I've reconfigured my weblog so that each place it refers to a document, it strips off the ".php" extension. I did this using my Movable Type Regex plugin:
Not terribly difficult to do, but there are a lot of places I have to do it. I think I have them all covered. RSS/Atom feeds, search results, etc. Now, I still have php as my filename extension for all the files produced from Movable Type-- I want the files to have an extension within the filesystem. I'm more comfortable with it that way. But I rely on the MultiViews feature of Apache's mod_negotation to serve up the right file when the extension itself is absent. This works very well, and allows any extension to be optional.1
So all the links for my blog are published with links sans extensions. And yet, I still see people linking to my site with URLs ending in ".php". Why is that?
Well, I found out that Apache is still telling on me. When mod_negotiation serves a file that it picks, it sets a header named
Content-Location that reveals the real filename. Here's the response I got from a "HEAD" request for http://bradchoate.com/weblog/2004/04/14/inventory:
HTTP/1.1 200 OK Date: Thu, 15 Apr 2004 10:25:04 GMT Server: Apache/1.3.29 (Unix) mod_throttle/3.1.2 mod_gzip/188.8.131.52a PHP/4.3.4 mod_perl/1.29 Content-Location: inventory.php Vary: negotiate,Accept-Encoding TCN: choice X-Powered-By: PHP/4.3.4 X-Accelerated-By: PHPA/1.3.3r2 Content-Type: text/html
The headers that mod_negotiate adds are:
TCN. Now I don't mind the latter two, but I'd rather avoid the
Content-Location header. Because mod_negotiation is emitting that, some clients out there (newsreaders for example), will adjust the URL for that resource. So when people click-through, they use the link with the php extension. Bad.

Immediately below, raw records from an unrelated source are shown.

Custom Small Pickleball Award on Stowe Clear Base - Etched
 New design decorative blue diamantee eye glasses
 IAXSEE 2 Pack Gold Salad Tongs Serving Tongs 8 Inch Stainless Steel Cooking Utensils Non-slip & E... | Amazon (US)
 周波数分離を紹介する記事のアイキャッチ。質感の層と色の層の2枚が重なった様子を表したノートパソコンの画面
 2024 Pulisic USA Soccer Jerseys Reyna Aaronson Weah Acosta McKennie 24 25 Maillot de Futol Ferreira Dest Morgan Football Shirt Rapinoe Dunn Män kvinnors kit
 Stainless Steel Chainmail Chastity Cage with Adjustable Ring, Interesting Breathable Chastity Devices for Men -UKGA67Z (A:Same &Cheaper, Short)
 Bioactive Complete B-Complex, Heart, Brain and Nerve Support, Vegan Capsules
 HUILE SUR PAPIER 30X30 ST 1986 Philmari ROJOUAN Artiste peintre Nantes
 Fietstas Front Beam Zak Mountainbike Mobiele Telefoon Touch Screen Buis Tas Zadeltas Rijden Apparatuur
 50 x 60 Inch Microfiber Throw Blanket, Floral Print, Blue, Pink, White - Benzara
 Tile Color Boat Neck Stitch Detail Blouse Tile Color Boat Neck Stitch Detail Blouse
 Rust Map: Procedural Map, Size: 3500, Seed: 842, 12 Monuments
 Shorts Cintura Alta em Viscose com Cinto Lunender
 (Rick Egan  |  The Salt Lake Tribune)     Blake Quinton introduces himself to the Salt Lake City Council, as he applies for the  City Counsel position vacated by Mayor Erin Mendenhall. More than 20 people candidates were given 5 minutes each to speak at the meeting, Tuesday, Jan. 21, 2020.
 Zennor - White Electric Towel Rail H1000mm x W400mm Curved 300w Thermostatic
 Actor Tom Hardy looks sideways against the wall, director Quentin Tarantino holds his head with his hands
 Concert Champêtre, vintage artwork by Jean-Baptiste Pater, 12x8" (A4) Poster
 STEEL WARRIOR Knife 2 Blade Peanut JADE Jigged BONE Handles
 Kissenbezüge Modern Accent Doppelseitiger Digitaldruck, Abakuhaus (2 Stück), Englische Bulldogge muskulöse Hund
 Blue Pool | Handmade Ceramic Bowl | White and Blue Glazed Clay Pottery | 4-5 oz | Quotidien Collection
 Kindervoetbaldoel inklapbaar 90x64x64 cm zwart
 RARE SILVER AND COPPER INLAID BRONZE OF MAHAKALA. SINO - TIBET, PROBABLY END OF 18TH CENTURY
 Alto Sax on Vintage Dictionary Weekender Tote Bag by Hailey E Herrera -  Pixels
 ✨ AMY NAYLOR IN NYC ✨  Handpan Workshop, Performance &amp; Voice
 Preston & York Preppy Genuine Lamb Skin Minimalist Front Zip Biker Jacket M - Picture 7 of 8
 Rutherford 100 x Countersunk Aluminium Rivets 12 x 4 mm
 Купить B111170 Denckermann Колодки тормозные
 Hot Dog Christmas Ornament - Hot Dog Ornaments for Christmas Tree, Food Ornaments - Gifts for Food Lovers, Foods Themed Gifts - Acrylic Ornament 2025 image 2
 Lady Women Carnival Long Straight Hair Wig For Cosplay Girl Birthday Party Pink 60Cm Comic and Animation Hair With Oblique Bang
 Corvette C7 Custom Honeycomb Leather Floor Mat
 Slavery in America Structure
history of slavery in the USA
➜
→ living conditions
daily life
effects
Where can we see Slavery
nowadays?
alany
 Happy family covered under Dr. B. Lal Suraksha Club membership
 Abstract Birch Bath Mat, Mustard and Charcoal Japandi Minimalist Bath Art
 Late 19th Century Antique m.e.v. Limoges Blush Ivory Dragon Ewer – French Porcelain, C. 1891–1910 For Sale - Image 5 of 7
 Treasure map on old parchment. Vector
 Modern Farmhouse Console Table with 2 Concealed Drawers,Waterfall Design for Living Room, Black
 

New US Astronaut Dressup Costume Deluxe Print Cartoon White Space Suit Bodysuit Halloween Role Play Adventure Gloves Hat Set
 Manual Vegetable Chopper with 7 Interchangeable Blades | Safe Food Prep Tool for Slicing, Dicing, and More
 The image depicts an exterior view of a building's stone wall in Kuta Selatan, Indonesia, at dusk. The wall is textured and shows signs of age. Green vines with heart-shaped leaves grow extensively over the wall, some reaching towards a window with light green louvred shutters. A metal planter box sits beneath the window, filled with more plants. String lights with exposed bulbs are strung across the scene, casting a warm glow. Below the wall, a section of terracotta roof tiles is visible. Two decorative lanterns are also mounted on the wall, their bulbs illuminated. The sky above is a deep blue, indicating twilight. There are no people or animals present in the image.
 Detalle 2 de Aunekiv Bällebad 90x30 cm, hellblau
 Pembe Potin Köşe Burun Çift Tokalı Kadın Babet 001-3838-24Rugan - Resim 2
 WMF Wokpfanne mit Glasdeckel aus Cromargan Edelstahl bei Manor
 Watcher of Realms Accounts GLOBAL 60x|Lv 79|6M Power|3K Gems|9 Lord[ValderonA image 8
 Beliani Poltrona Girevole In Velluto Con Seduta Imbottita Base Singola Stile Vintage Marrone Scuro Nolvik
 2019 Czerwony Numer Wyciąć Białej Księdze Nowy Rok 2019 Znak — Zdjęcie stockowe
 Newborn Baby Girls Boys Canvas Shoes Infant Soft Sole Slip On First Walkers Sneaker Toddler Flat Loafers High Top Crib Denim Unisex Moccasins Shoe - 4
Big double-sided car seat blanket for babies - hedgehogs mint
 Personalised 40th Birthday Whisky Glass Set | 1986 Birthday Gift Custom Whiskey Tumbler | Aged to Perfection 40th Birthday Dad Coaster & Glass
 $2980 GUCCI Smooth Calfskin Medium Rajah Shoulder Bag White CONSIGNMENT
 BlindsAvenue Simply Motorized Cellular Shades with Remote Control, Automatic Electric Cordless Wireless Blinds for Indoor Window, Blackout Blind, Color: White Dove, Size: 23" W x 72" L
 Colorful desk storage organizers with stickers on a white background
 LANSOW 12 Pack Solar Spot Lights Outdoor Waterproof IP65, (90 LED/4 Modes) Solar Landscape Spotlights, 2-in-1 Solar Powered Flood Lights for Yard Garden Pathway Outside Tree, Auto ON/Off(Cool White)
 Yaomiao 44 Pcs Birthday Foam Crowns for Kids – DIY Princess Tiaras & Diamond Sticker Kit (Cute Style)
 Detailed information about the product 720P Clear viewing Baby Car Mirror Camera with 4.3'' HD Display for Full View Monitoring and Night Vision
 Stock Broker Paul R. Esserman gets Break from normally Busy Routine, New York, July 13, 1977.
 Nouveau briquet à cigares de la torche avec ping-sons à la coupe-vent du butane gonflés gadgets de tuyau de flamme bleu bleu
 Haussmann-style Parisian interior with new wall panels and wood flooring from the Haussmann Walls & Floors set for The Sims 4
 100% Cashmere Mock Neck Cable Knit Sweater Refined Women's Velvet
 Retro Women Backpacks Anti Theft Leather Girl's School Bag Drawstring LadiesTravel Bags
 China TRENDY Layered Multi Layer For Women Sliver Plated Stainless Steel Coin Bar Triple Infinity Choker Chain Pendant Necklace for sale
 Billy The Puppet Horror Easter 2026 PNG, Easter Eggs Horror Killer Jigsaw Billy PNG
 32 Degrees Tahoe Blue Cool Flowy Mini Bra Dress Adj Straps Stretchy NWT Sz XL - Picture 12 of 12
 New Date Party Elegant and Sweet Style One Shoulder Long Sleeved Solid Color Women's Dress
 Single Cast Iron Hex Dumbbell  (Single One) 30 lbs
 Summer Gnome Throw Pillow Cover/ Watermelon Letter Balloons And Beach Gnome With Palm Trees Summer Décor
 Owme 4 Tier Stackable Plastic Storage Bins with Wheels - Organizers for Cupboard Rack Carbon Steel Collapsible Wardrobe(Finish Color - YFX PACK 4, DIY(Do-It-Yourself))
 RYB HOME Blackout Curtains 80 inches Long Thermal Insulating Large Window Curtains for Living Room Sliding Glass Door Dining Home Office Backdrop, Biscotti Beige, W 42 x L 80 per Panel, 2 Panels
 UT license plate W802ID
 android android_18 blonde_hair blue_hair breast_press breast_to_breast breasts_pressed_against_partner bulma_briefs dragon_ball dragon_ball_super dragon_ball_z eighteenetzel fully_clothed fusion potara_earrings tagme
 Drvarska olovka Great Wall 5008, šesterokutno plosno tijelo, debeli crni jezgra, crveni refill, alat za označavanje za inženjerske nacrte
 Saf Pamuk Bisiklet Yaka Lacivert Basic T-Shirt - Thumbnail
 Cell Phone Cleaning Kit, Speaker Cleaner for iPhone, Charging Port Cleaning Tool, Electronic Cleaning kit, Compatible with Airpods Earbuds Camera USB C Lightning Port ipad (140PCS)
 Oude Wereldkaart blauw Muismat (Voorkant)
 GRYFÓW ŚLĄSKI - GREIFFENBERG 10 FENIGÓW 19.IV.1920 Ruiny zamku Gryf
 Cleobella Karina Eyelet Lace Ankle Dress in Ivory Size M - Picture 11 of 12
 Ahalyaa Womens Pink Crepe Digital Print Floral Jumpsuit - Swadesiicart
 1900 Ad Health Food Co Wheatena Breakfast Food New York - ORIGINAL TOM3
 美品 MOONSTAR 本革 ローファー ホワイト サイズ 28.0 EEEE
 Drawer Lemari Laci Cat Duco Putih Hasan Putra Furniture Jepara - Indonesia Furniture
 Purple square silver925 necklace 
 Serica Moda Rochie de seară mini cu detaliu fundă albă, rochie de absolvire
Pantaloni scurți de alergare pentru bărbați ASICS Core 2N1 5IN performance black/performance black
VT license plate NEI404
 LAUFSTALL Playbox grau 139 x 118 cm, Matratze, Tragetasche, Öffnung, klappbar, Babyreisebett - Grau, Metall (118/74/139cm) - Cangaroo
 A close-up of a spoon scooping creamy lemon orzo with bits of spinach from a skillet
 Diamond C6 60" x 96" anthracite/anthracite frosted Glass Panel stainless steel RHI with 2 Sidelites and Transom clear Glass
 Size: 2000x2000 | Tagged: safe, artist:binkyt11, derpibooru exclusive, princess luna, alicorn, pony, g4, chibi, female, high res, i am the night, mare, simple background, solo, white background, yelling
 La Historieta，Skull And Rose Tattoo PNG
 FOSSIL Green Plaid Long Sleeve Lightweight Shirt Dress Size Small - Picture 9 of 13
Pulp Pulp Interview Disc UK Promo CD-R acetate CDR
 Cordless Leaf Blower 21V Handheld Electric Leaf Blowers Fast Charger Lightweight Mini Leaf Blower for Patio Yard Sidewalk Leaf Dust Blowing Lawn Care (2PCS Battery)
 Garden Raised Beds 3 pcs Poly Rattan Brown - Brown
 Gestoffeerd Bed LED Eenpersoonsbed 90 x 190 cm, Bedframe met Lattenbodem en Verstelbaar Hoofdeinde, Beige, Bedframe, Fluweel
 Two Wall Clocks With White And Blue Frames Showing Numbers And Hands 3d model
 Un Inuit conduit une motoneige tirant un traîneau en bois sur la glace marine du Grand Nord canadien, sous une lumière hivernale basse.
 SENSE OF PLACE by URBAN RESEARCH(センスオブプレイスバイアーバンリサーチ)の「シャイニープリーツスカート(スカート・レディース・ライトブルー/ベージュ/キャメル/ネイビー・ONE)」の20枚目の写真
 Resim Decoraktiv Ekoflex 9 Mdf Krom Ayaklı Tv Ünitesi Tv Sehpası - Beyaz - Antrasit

So what to do? Well, after doing a little digging, I found mod_headers. It's another Apache module that lets you add or remove HTTP headers at will. It's one of the bundled modules for Apache, but it isn't enabled by default. After a quick rebuild of the server, I tried it out in my .htaccess file:
<IfModule mod_headers.c> Header unset Content-Location </IfModule>
But alas, the header remained. I tried placing it in httpd.conf instead. No good. I re-read the documentation. I searched Google. I searched Google Groups. Still no luck. Lots of references to removing this header using mod_headers, but it wasn't removing it!2
OK. I'm a programmer. Let's look at the source. And there it was (mod_negotiation.c):
ap_table_setn(r->err_headers_out, "Content-Location", ap_pstrdup(r->pool, variant->file_name));
I don't know what the
ap_table_setn function does, but I infer from the use of the
$r->err_headers_out variable that this header is being stored as an error header, a distinction that makes a difference with mod_headers. mod_headers has a separate directive for handling error headers:
ErrorHeader. So, a quick edit to my .htaccess file:
<IfModule mod_headers.c> ErrorHeader unset Content-Location </IfModule>
And that did it! This went against the mod_headers documentation for the
ErrorHeader directive, which says:
This directive can replace, merge or remove HTTP response headers during 3xx, 4xx and 5xx replies. For normal replies use the Header directive.
Even though negotiated documents are returned with a HTTP 200 result, the
Header directive failed to handle the headers set by mod_negotiation. The
ErrorHeader directive works perfectly fine, regardless of the actual HTTP result code. The documentation clearly needs to clarify all of this.
So in closing, yay for Google for pointing me in the right direction anyway. Yay for open source so I could get to the bottom of this. And if you're using MultiViews like this, you should be stripping the
Content-Location header. Otherwise, Apache will reveal your crufty little secret.
1 I prefer using MultiViews over naming files without an extension and forcing a MIME type. The main reason is that if I were to force a MIME type, I couldn't mix multiple file types within the same directory. With MultiViews, I can place .pl, .cgi, .php, .js, etc. all in the same directory and server knows how to handle each of them, because the extension is present. All I have to do is just strip the extension from the published URLs to those files.
2 At the time of this writing, Googling for errorheader unset content-location doesn't turn up anything, so this is hopefully a solution that others can benefit from.